According to the Evening Standard, Chief Secretary to the Treasury Darren Jones said the Americans “have got to set out the legal basis” for their intervention, arguing the UK would only commit forces where there is a lawful basis, a clear plan, and a direct British interest. The Guardian reports Trump responded by saying the “special relationship is obviously not what it was”, after complaining that Starmer had been “unhelpful” and too slow to approve any use of UK facilities.
The dispute is unusually explicit for a US-UK security relationship built on quiet coordination and public unity. Starmer has drawn a line between offensive participation and defensive support, saying Britain would not join strikes without meeting tests that include legality and a “thought-through plan”, language that echoes the Iraq war’s long shadow in UK politics. Yet the same geography that makes Britain useful in US operations—bases, overflight routes, logistics and intelligence integration—also makes it exposed when a conflict expands.
That exposure is already visible. Even when London declines to be a co-belligerent, UK territory and assets can become part of the target map once they are seen as enabling US action. The Evening Standard notes Starmer has now agreed to US requests to use British bases for defensive purposes after Iranian retaliation threatened British people and allies, framing it as “mutual self-defence”. The Guardian describes the conflict spiralling across the region, with new strikes on Tehran and Lebanon and knock-on disruption to travel and energy markets.

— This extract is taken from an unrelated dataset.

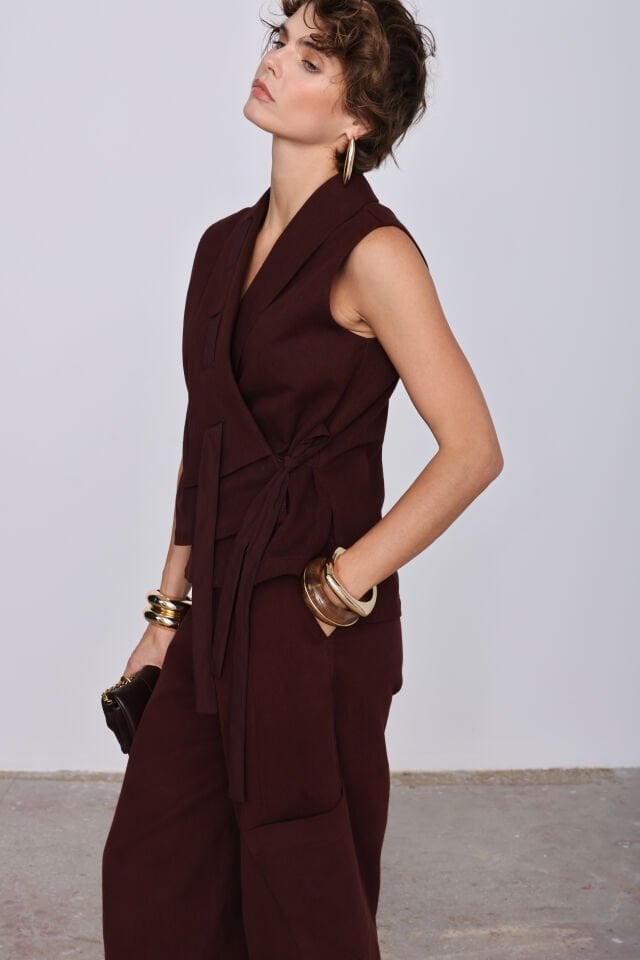 Lindez Tasarım Yelek (bordo)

For European governments, the argument is less about courtroom theory than about who carries which risks. Washington can expand objectives—degrading missiles, destroying naval capability, containing proxies, preventing nuclear weapons—while allies absorb second-order costs: higher insurance and shipping rates, spiking gas and oil prices, and the political burden of evacuations and security alerts. Legal clarity becomes one of the few levers a smaller partner can pull to slow escalation without openly breaking the alliance.
Trump’s public dismissal of Starmer, and his praise for other European leaders while criticising Britain’s immigration and London’s mayor, turns a strategic disagreement into domestic theatre. But the operational reality does not change: UK bases remain a key piece of US power projection even when British ministers insist they are not part of the offensive.
Britain is asking Washington to explain the law for a war it did not start. At the same time, it is keeping the runways available for what comes next.